Un cuento de hadas pequeño
Con talento camaleónico, el norteamericano David Frankel se viste de director británico for export para contar la historia de Paul Potts, uno de los más emblemáticos ganadores de esa búsqueda televisiva de talentos conocida como Britain’s got talent. Y lo que a simple vista luce como otro de esos biopics para ensalzar la figura de don nadies que logran el éxito y emocionar a la platea con un mensaje positivo sobre el poder hacerlo, encuentra alguna vuelta como para convertirse finalmente en un cuento de hadas moderno, una astuta y serena reflexión sobre cómo esos productos televisivos esconden, detrás de toda su parafernalia marketinera, un horizonte de posibilidades para personajes ignotos.
Frankel, con El Diablo viste a la moda o Marley y yo, se había convertido en un hacedor de fábulas tristes, que escondían tras el éxito de sus personajes una melancolía absoluta. Sin marcas autorales evidentes ni estridencias de gran narrador, pero con astucia para dejar de lado el aspecto más superficial de sus historias y hallar lo más profundo de sus criaturas. Y es esa falta de pretensión autoral la que determina que Mi gran oportunidad pueda ser vista como una de esas fábulas sociales tan británicas como universales (en la onda Billy Elliot), aunque su toque americano le permita ser más cálido y menos cínico: Frankel es, después de todo, un director invisible. Lo que sí aparece, nuevamente aquí, es el tema del éxito como motivación de sus personajes: Potts, cantante aficionado, desea ser algo más que ese laburante que indica su padre. Esa es su lucha, y lo que decide contar la película.
Es cierto que al director le cuesta encontrar aquí esos niveles de lectura que podían tener sus películas mencionadas anteriormente. Es que Mi gran oportunidad no puede escapar a cierta mecánica de película sobre personajes desconocidos que logran sucesos: están las constantes crisis, los fracasos que determinan el no poder, los reiterados intentos. Es como si a Frankel tener que contar el proceso con un espíritu tan bonachón (la película es demasiado simpática), le restara tiempo para descubrir otras facetas de sus personajes. Por ejemplo el giro de su padre es tan obvio, que se ve venir desde el minuto uno y ocurre sólo porque el guión así lo indica. Si Marley y yo o El Diablo viste a la moda lograban escaparse al mote de comedias románticas para construir personajes ambiguos, en Mi gran oportunidad todo es demasiado llano; tal vez porque la historia real le quite libertad al relato.

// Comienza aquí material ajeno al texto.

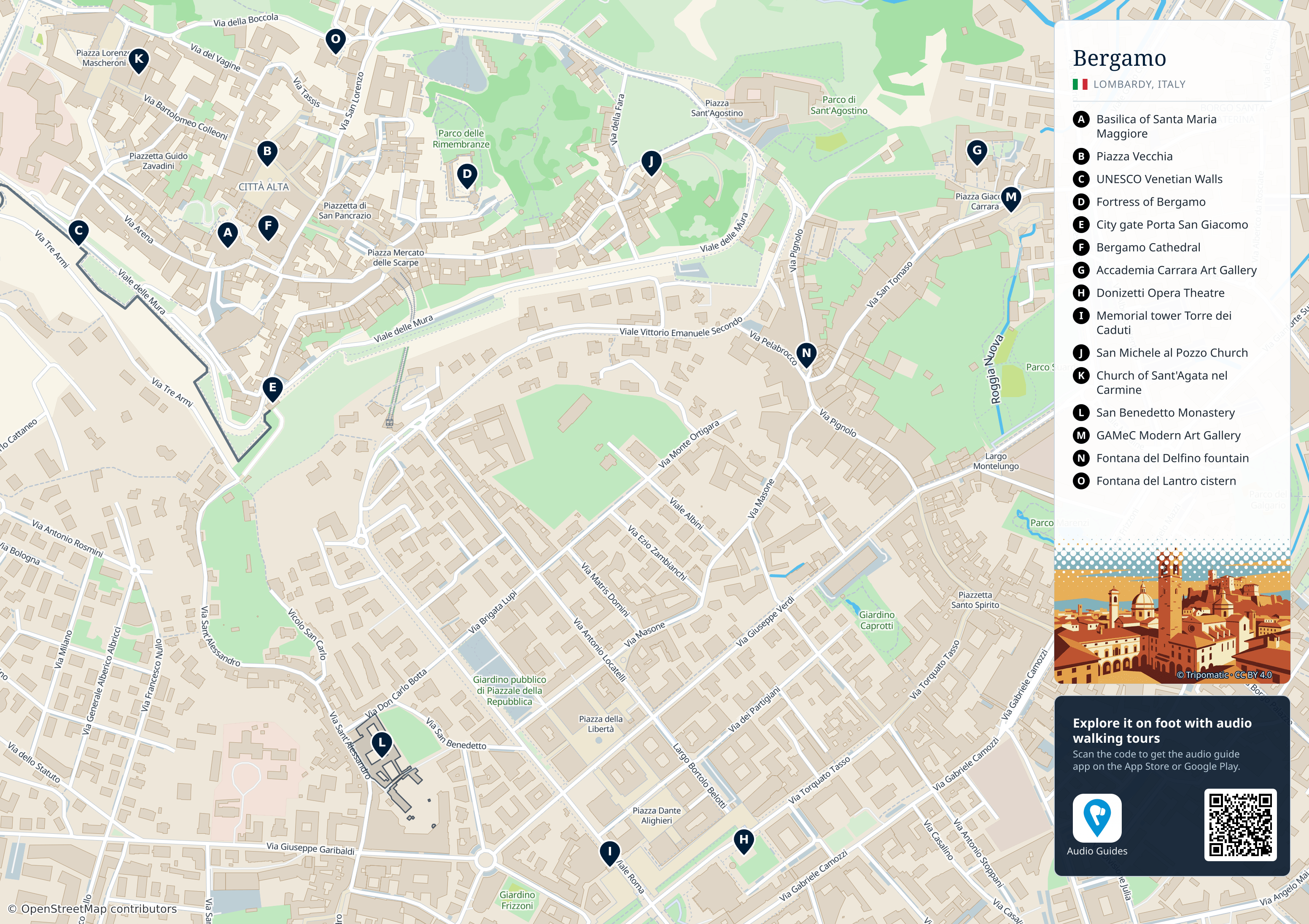 Bergamo – printable tourist map with numbered top attractions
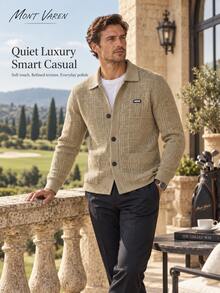 MONT VAREN Men's Collared Jacquard Knit Cardigan With Patch Pockets For Men - Khaki - View 9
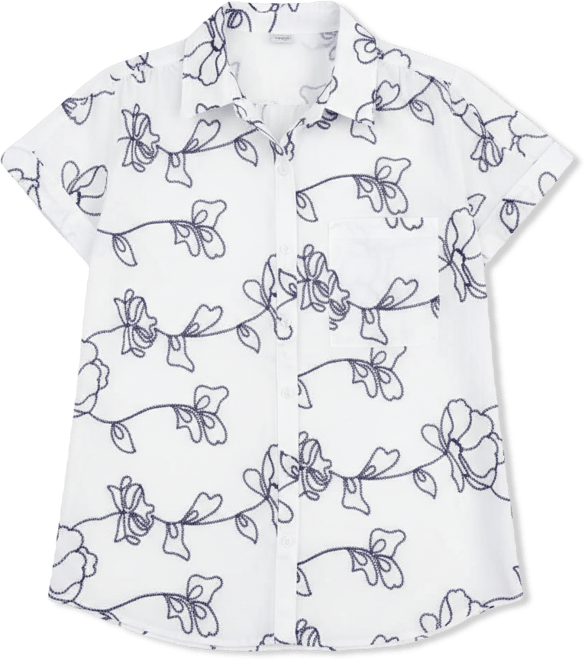 Women's Cotton Embroidered Camp Shirt, Macy's Exclusive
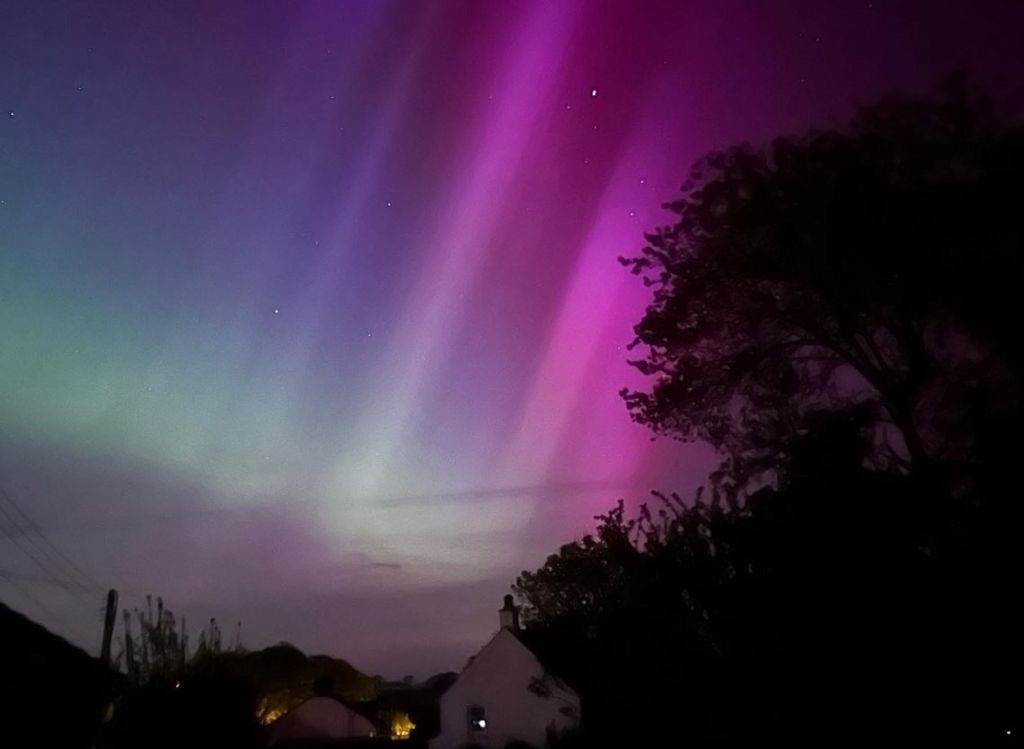 Northern lights in Cornwall 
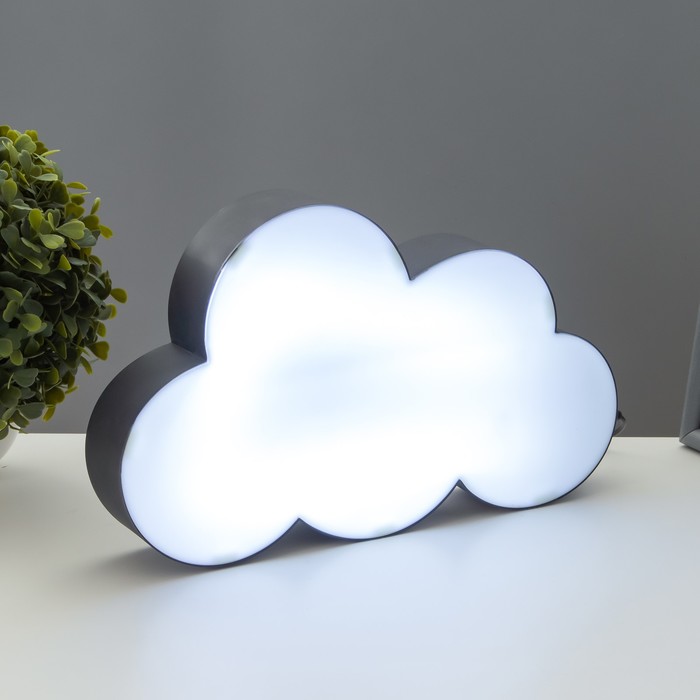 

Ночник для записей "Облачко" LED с маркерами, от батареек/USB бело-чёрный 19х30х5 см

Pero Frankel es un tipo inteligente, y uno se da cuenta cuando termina la película que en definitiva ese suceso que marca a fuego la vida de Potts no ocupa más de 15 minutos en el film, porque eso no era lo que le importaba al director. Es decir: creímos ver la película del tipo que se convertía en leyenda, cuando en verdad nos estaban contando la de los tropiezos que tiene toda leyenda. Esa falta de épica del final, ese tono medio con el cual trabaja el triunfo de Potts es la aceptación por parte de Frankel de que estos reality shows no son más que un elemento mágico que dan lugar a los sueños. Lejos de preocuparse por los entresijos de estos espacios (esa sería otra película), Frankel les reconoce su capacidad de motorizar cuentos de hadas modernos. Sin dudas un film menor, pero no exento de cierta inteligencia para hacer de eso mínimo que tiene para contar una historia humana, alejada de cualquier pretensión y grandilocuencia.